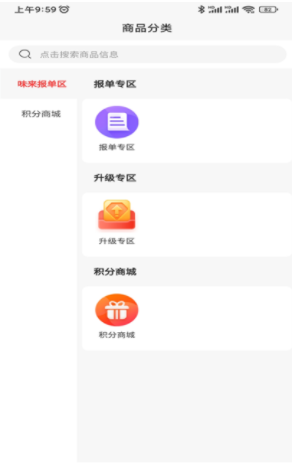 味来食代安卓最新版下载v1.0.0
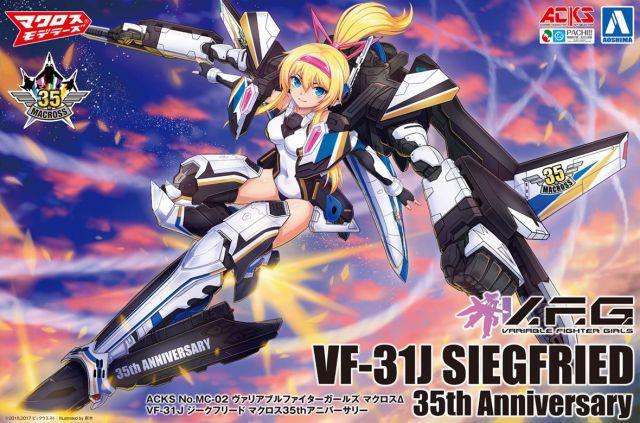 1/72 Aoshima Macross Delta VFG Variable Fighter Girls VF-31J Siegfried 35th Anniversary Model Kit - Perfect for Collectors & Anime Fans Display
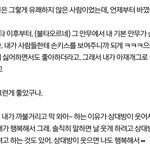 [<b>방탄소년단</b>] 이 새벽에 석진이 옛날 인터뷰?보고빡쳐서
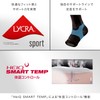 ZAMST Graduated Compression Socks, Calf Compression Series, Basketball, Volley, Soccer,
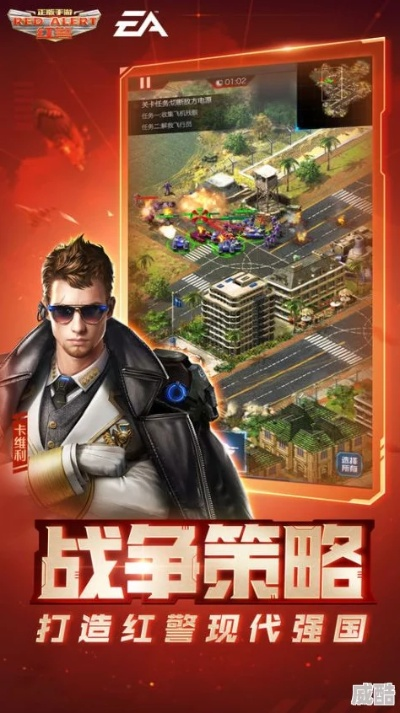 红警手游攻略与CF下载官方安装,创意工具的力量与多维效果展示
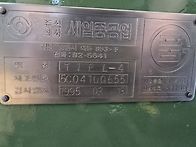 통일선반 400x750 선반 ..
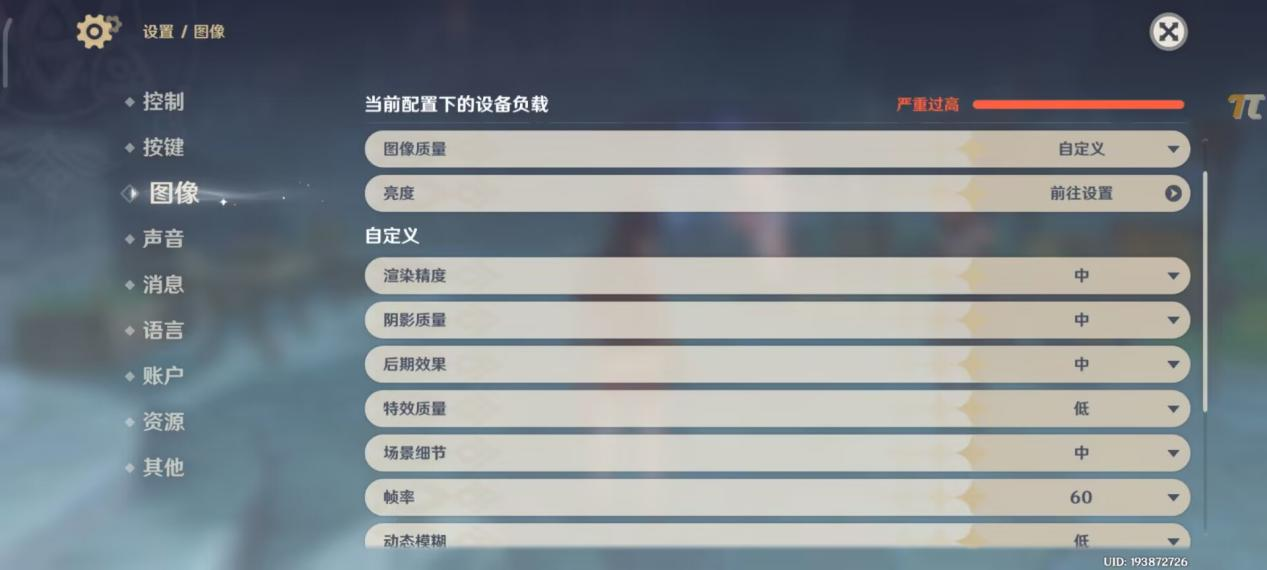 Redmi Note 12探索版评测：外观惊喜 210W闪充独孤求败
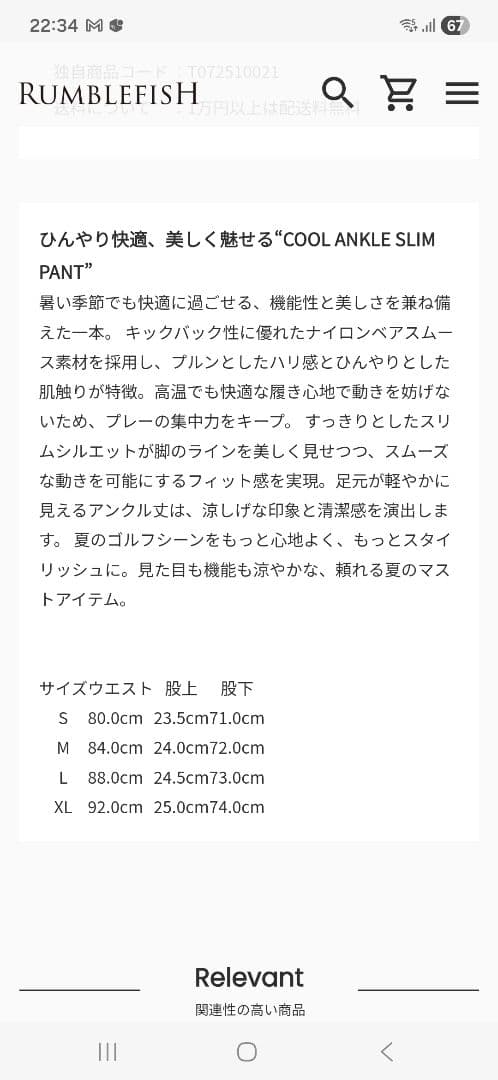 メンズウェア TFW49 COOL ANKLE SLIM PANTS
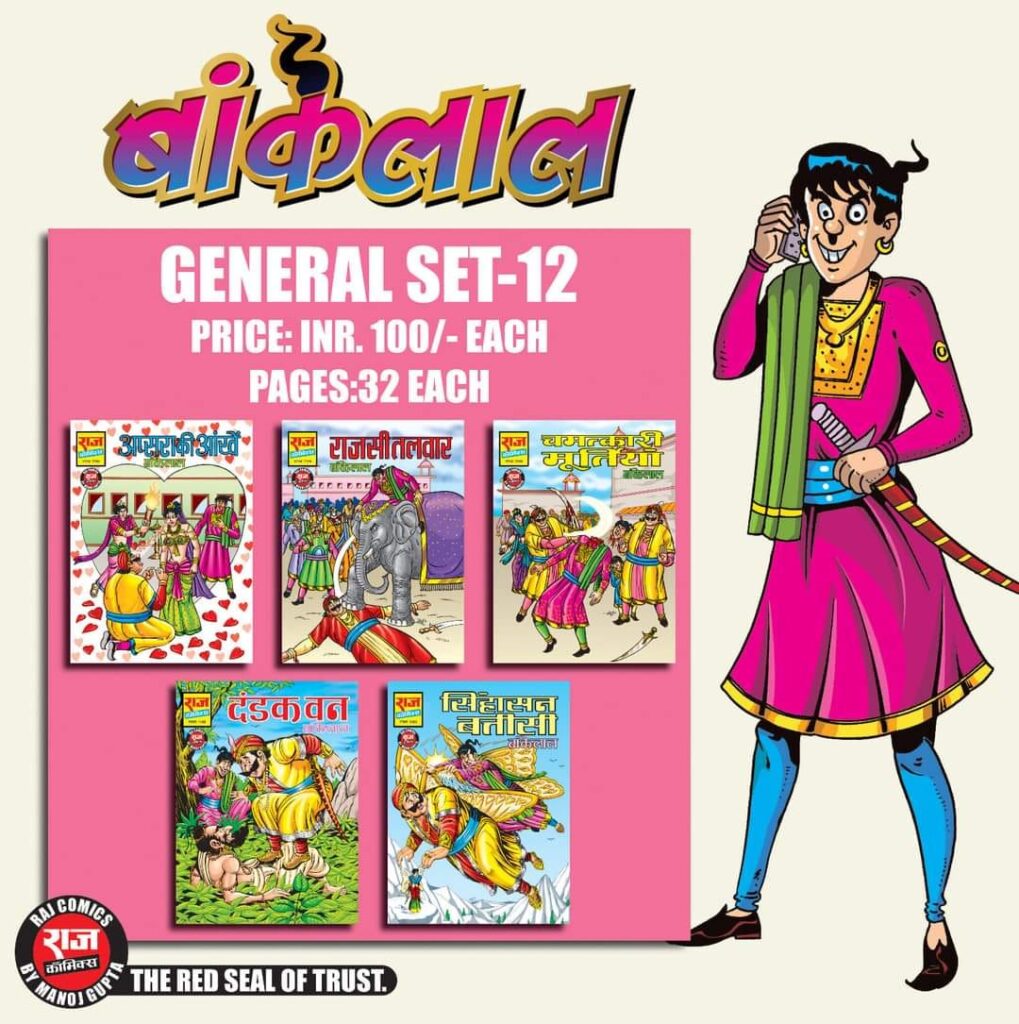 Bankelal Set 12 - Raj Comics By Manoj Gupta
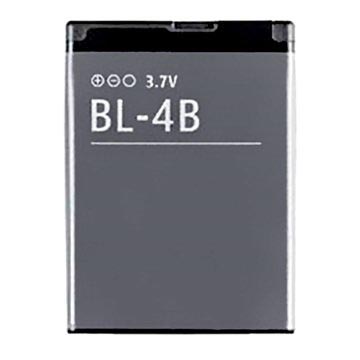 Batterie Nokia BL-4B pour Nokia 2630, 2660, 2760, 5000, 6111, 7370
——
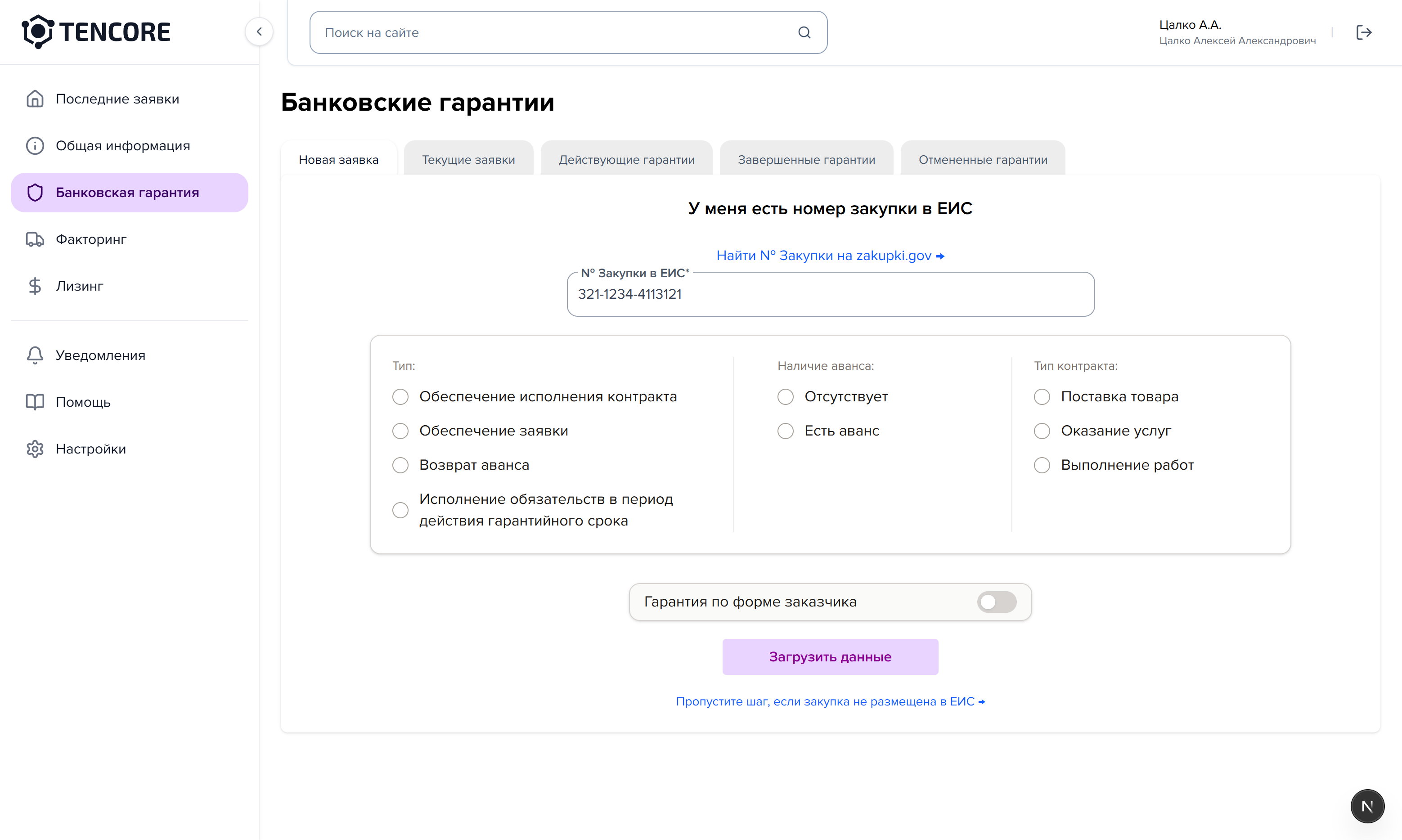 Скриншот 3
——
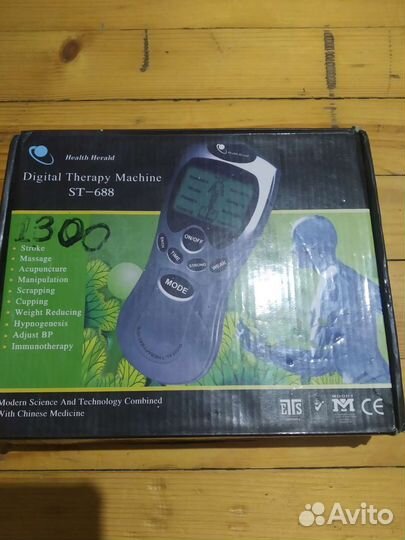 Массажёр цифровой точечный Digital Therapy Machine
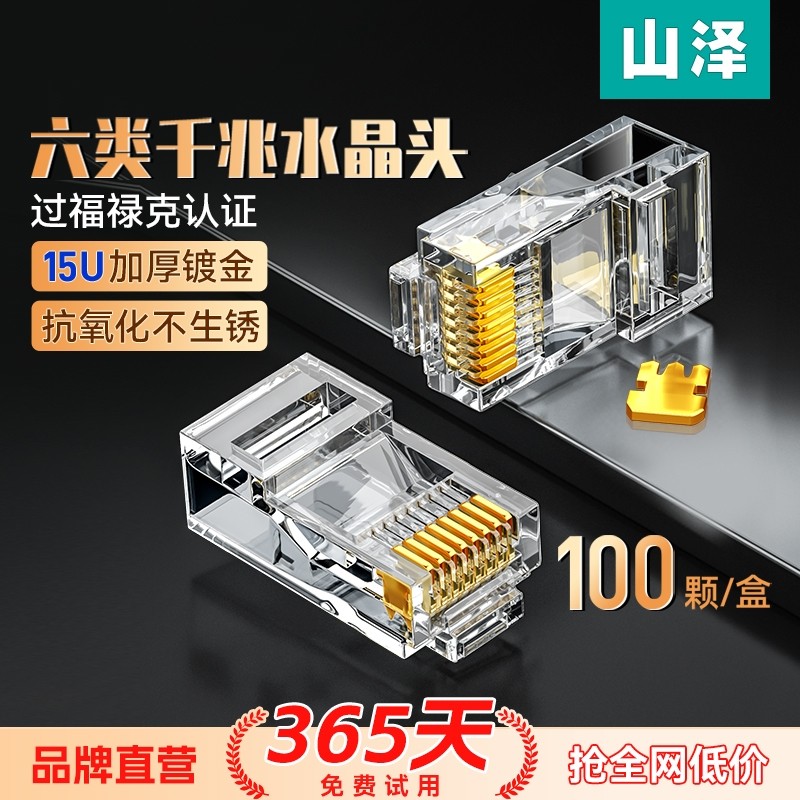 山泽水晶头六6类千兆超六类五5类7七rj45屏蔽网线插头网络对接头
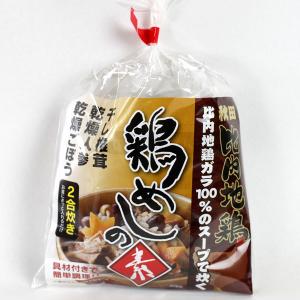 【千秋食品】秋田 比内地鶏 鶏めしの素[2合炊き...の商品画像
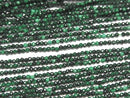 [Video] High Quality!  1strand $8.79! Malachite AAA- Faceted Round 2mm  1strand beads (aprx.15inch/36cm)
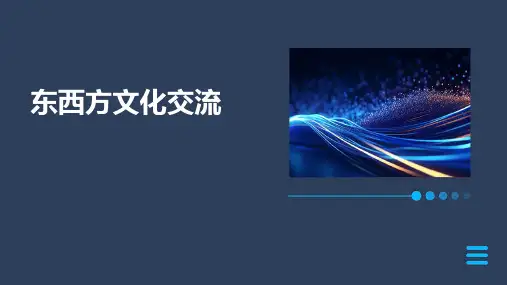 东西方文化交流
——
Could you transcribe exactly the entries above, but only the lines from the one with "メンズウェア TFW49 COOL ANKLE SLIM PANTS" through the one with "Batterie Nokia BL-4B", and without pictures?

__Completed task__.
 メンズウェア TFW49 COOL ANKLE SLIM PANTS
 Bankelal Set 12 - Raj Comics By Manoj Gupta
 Batterie Nokia BL-4B pour Nokia 2630, 2660, 2760, 5000, 6111, 7370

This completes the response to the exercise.